To address these challenges, we have brought PyTorch Monarch to AMD Instinct GPUs with ROCm, expanding the single-controller model beyond CUDA environments and bringing this emerging runtime to a broader hardware ecosystem.

In this blog, we will explore the architecture of PyTorch Monarch, walk through the engineering effort required to port Monarch’s GPU runtime and distributed communication stack to ROCm, and demonstrate how the system dynamically recovers from node failures without halting the entire training job. By the end, you will understand how Monarch enables elastic, fault-tolerant distributed training on AMD GPUs and why this represents a significant step toward stable, large-scale AI infrastructure.
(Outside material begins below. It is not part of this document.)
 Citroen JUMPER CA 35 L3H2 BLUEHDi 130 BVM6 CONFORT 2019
The Challenge: Reliability at Scale

Traditional fault-tolerance strategies rely heavily on periodic checkpointing: saving the full model state to persistent storage at regular intervals. When a failure occurs, the entire job restarts from the last checkpoint. While conceptually simple, this approach has significant drawbacks.

Challenge Impact
Checkpoint overhead Writing hundreds of gigabytes of model state to storage consumes time and I/O bandwidth.
Wasted computation All progress since the last checkpoint is lost upon failure.
Cluster idle time The entire cluster sits idle while the failed node is replaced and the job restarts.
Scalability limits As cluster size grows, the probability of failure during any checkpoint interval increases.
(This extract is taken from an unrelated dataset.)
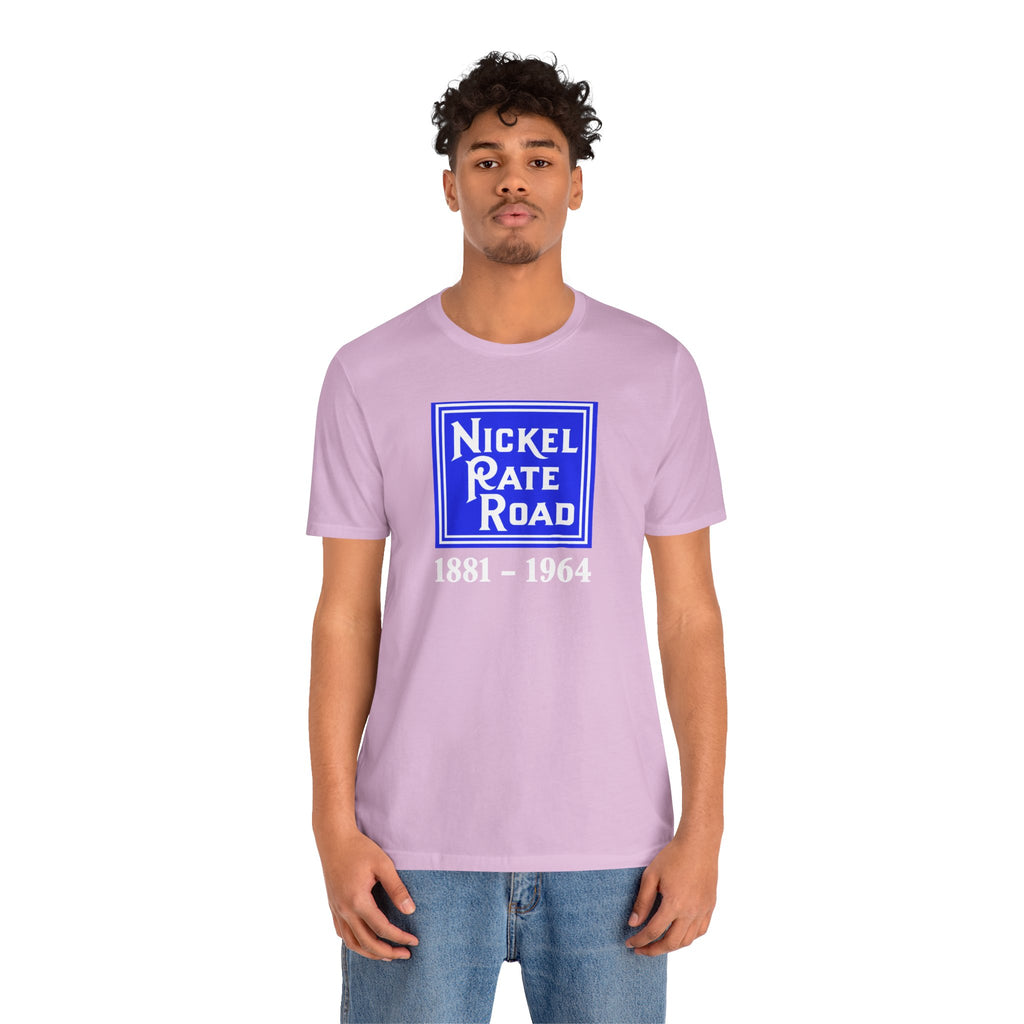 New York, Chicago and St. Louis Railroad T-Shirt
For truly large-scale training, scaling is not enough—training must also recover from failures. We need a more dynamic approach, one that allows healthy nodes to continue training while failed nodes recover and rejoin, minimizing wasted computation and maximizing GPU utilization. This is where PyTorch Monarch comes in.

What is PyTorch Monarch?

PyTorch Monarch introduces a new distributed programming paradigm that enables developers to orchestrate entire GPU clusters from a single Python program. With its actor-based runtime, process mesh abstraction, and asynchronous execution model, Monarch simplifies large-scale distributed training and enables complex workflows that combine training, evaluation, and reinforcement learning within one unified script.

The architecture operates at multiple distinct levels:

  1. Python API: A single-program interface where developers write simple Python code to get distributed GPU execution.
  2. Monarch Runtime: Manages actors and meshes, supervision trees, and tensor sharding.
  3. Rust Runtime (Tokio): Ensures high performance and memory safety.
  4. Infrastructure: Integrates with RDMA, RCCL/NCCL, SLURM, Kubernetes, and SkyPilot.

Figure 1: PyTorch Monarch architecture decoupling Python API from the Rust runtime and infrastructure.

By decoupling the parallelism strategy used within each training replica from the fault-tolerance mechanism used across replicas, Monarch provides a cleaner fault-tolerance model. Failures are isolated (actors have private state, crashes do not propagate), hierarchical (handled at the lowest possible level), and recovery is fast (seconds for local restart, minutes only if escalated).

Figure 2: Monarch’s hierarchical fault-handling model and supervision tree.

Porting Monarch to ROCm: Ecosystem Integration

Bringing Monarch to AMD GPUs required significant engineering effort to port the GPU runtime and distributed communication stack to ROCm.

We successfully implemented three main porting paths:

  1. Collective Communications: We used hipify_torch to convert the C++ bridge code from CUDA to HIP and linked against RCCL, which mirrors NCCL’s API.
  2. GPU Memory Management: We extended the build system to auto-detect the platform and route CUDA driver API calls through their HIP equivalents.
  3. RDMA Integration: Configuring GPU_PLATFORM=rocm keeps the libibverbs-based RDMA path intact while swapping the GPU-side bindings from CUDA to HIP for GPU-direct transfers.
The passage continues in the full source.